Production in the September 1998 quarter was adversely affected by a
succession of hurricanes and tropical storms during September which caused
evacuation of facilities and deferral of approximately 0.9 Bcfe (gross) of
production. Hurricane Georges caused physical damage to several platforms and
facilities and to the drilling rig and surface equipment on the Main Pass 91
East #1 well. The total estimated cost of repairs is $3.0 million, which is
expected to be covered by insurance policies subject to a $0.2 million
deductible.
During the nine months to September 30, 1998, the Company has drilled
and/or sidetracked eight wells, three of which were oil and gas discoveries, two
of which are suspended pending further work for future production and three of
which were plugged and abandoned.
OIL AND GAS REVENUES. Oil and gas revenues for the three months ended
September 30, 1998 were $20.6 million, a decrease of $12.1 million, or 37% below
$32.7 million for the comparable period in 1997. A 29% decrease in oil
production coupled with a 16% decrease in oil prices resulted in a $5.9 million
decrease in oil revenues.

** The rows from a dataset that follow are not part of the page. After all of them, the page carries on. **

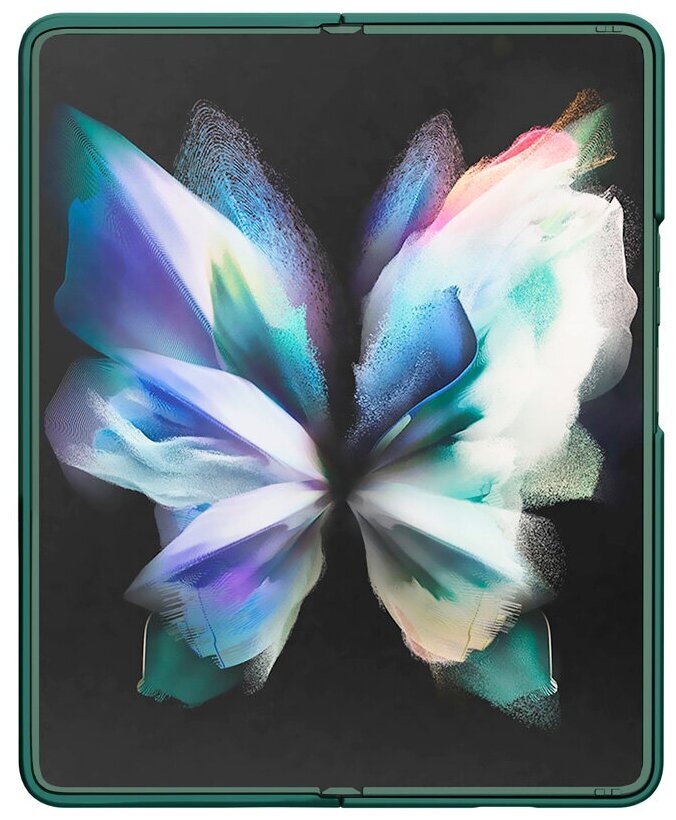 Чехол для телефона Samsung Galaxy Z Fold 3 Nillkin CamShield Silky Silicone Case темно-зеленый силиконовый с защитой камеры — фото 1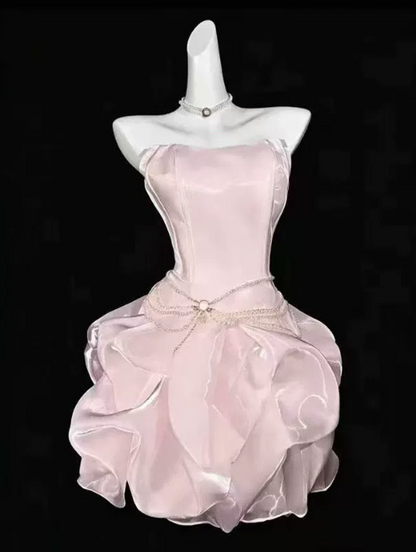 Pretty Homecoming Dress Strapless Tulle Pleated Short Prom Dress Back to School Outfits Party Dress  D6042
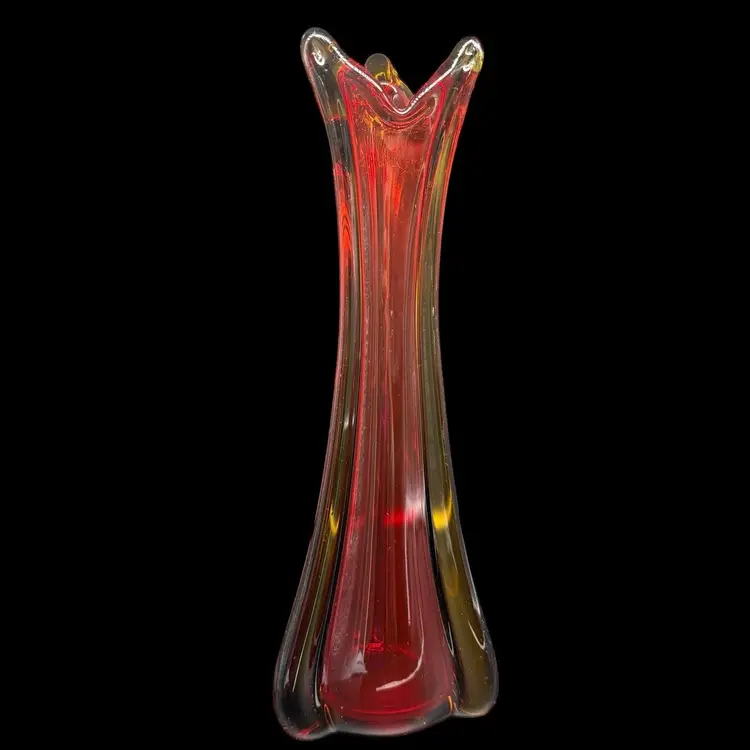 Vintage Murano Art Glass Vase Crimson Amber Sommerso 14.5" MCM Home Decor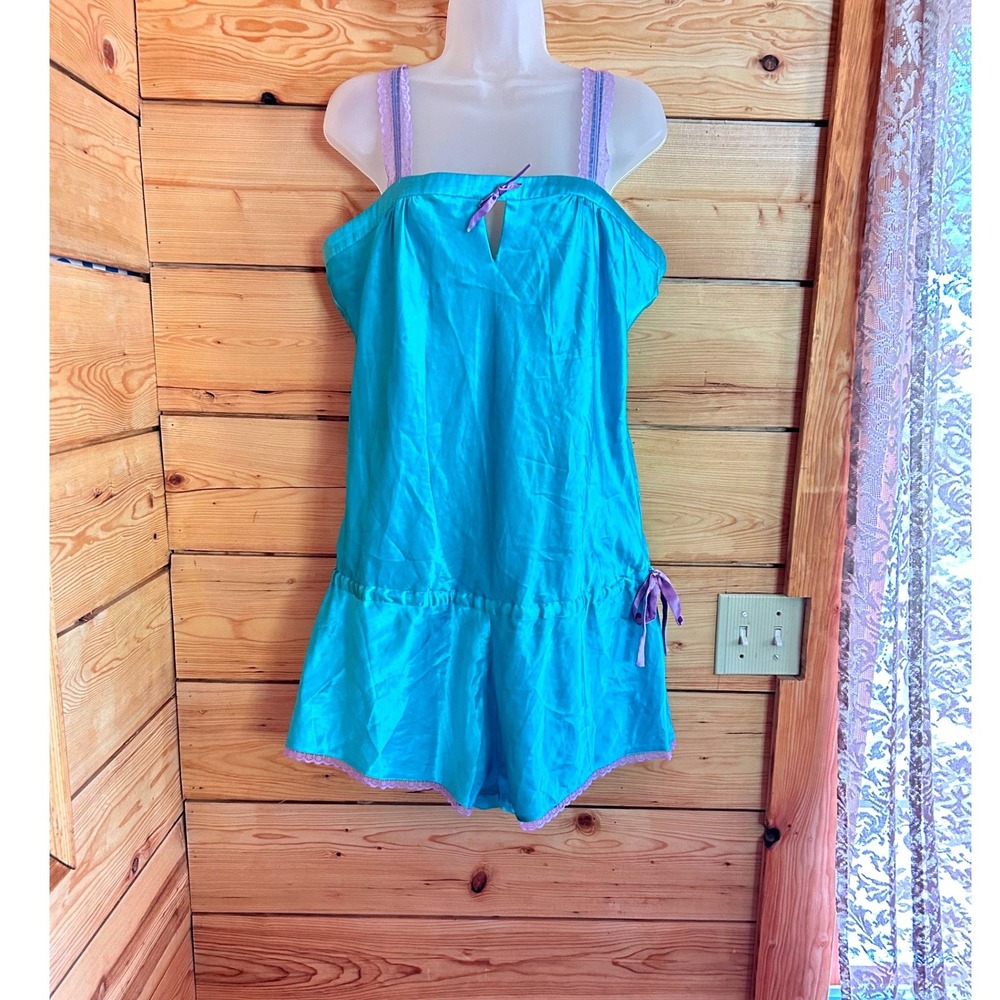 Vintage Satin Romper Womens Large Blue Excellent Lace Trim la Vie en Rose Nighty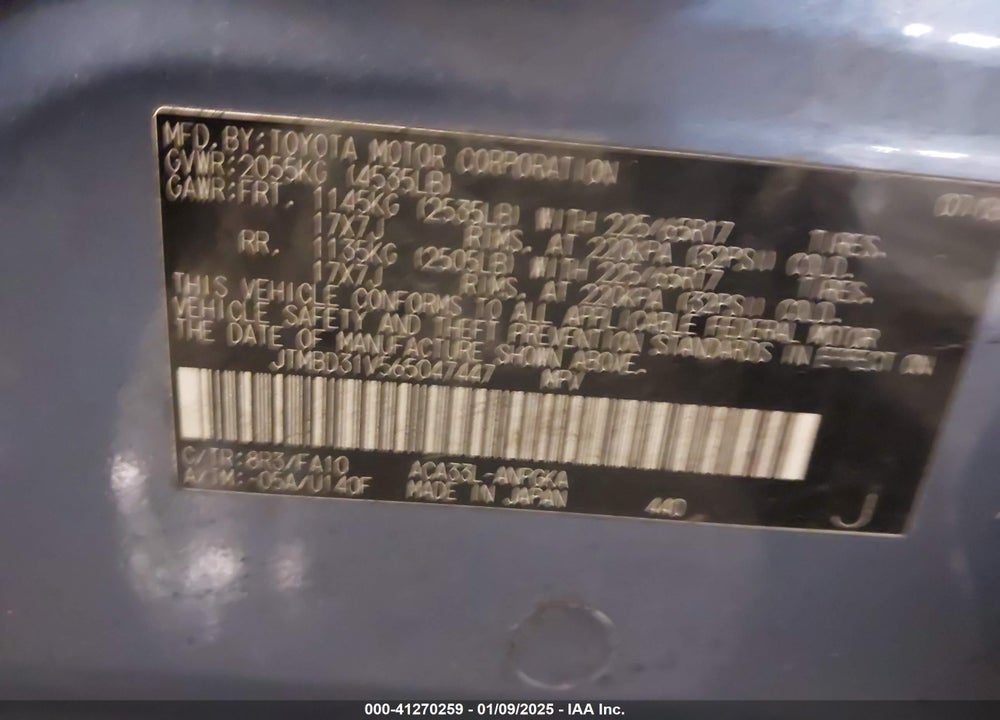 2006 TOYOTA RAV4 LIMITED VIN: JTMBD31V565047447
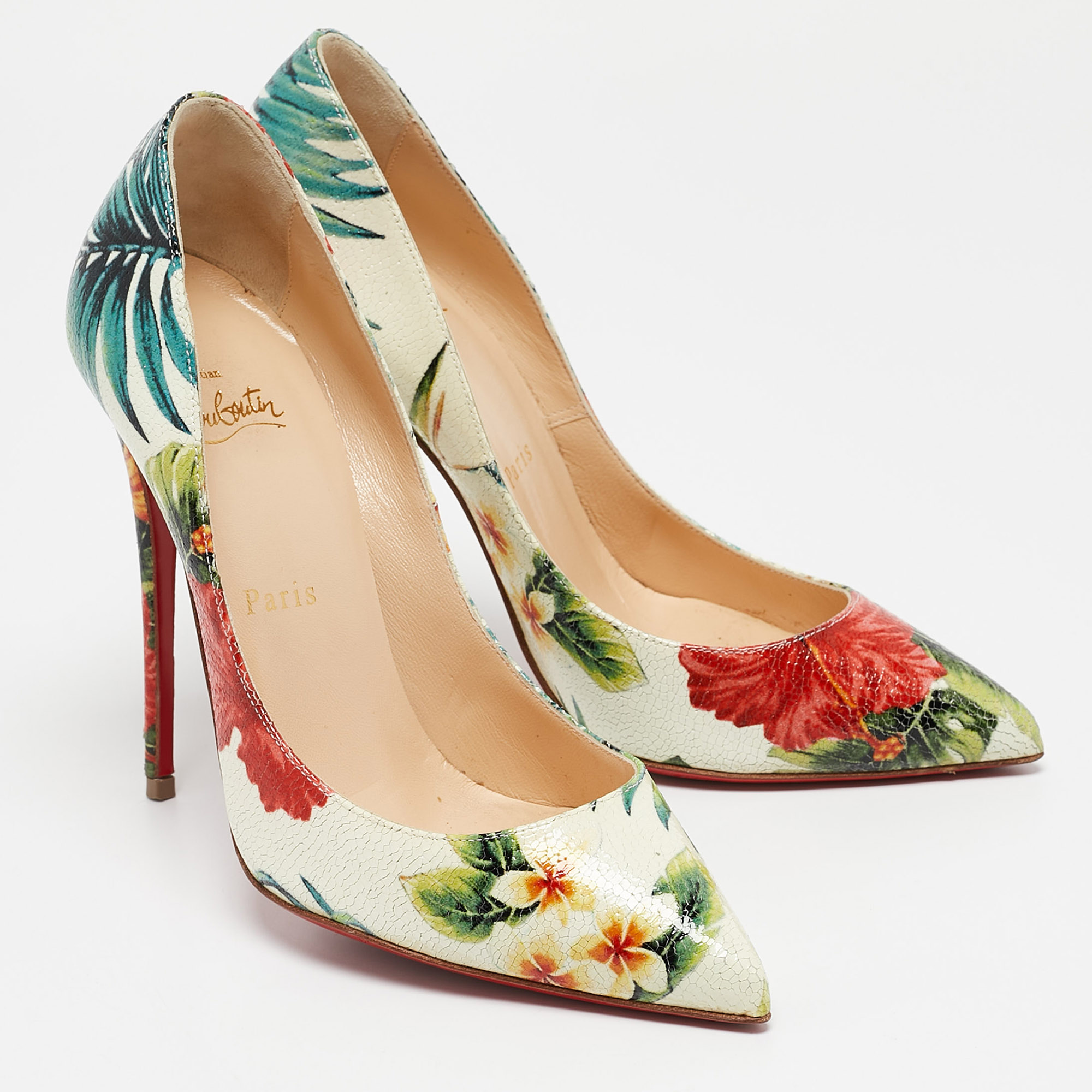 Christian Louboutin Multicolor Floral Printed Leather Pigalle Follies Pumps Size 37 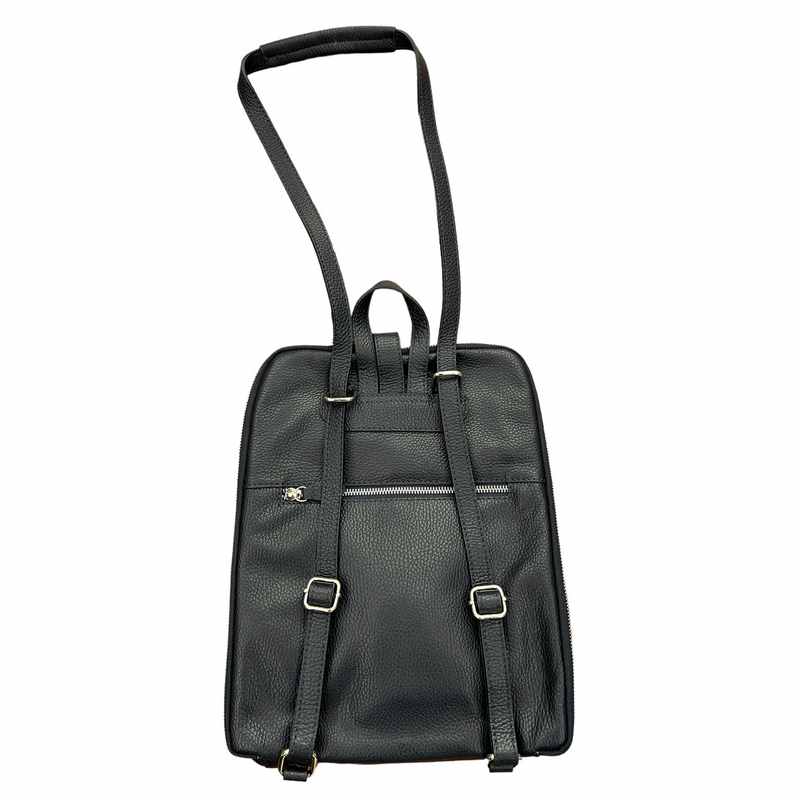 Italian Leather Backpack Navy PL483 with shoulder strap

A 29% decrease in gas production coupled with an 8%
decrease in gas prices resulted in a $6.2 million decrease in gas revenues.
Oil and gas revenues for the nine-month period to September 30, 1998
were $72.2 million, a decrease of $19.8 million, or 22% below $92.0 million for
the comparable period in 1997. Oil production in the nine months to September
30, 1998 decreased 24% while gas production was in line with the comparable 1997
period. The average realized prices of oil and gas decreased by 18% and 5%,
respectively.
8
<PAGE> 9
For the three months ended September 30, 1998, the average realized gas
price was $2.07 per Mcf, or 6% above the $1.96 per Mcf average gas price that
would otherwise have been received if no hedging had taken place. Over the
same period, the average realized oil price was $15.65 per Bbl, or 24% above
the $12.65 per Bbl average oil price that would otherwise have been received
if no hedging had taken place. Hedging activities resulted in a $2.3 million
increase in oil and gas revenues. For the comparable period in 1997, the
average realized gas price was $2.24 per Mcf, or 3% below the $2.30 per Mcf
average gas price that would otherwise have been received if no hedging had
taken place. In the same period, the average realized oil price was $18.66, or
4% above the $17.95 per Bbl average oil price that would otherwise have been
received if no hedging had taken place. Hedging activities resulted in a $0.1
million increase in oil and gas revenues for the three-month period ended
September 30, 1997.
In the nine-month period to September 30, 1998, the average realized
gas price was $2.18 per Mcf, or 2% above the $2.13 per Mcf average gas price
that would otherwise have been received if no hedging had taken place. In the
same period, the average realized oil price was $16.12 per Bbl, or 18% above
the $13.62 per Bbl average oil price that would otherwise have been received
if no hedging had taken place. Hedging activities resulted in a $5.3 million
increase in oil and gas revenues. In the nine-month period to September 30,
1997, the average realized gas price was $2.29 per Mcf, or 4% below the $2.39
per Mcf average gas price that would otherwise have been received if no
hedging had taken place. In the same period, the average realized oil price
was $19.69 per Bbl, or 2% above the $19.23 per Bbl average oil price that
would otherwise have been received if no hedging had taken place. Hedging
activities resulted in a $1.1 million decrease in oil and gas revenues.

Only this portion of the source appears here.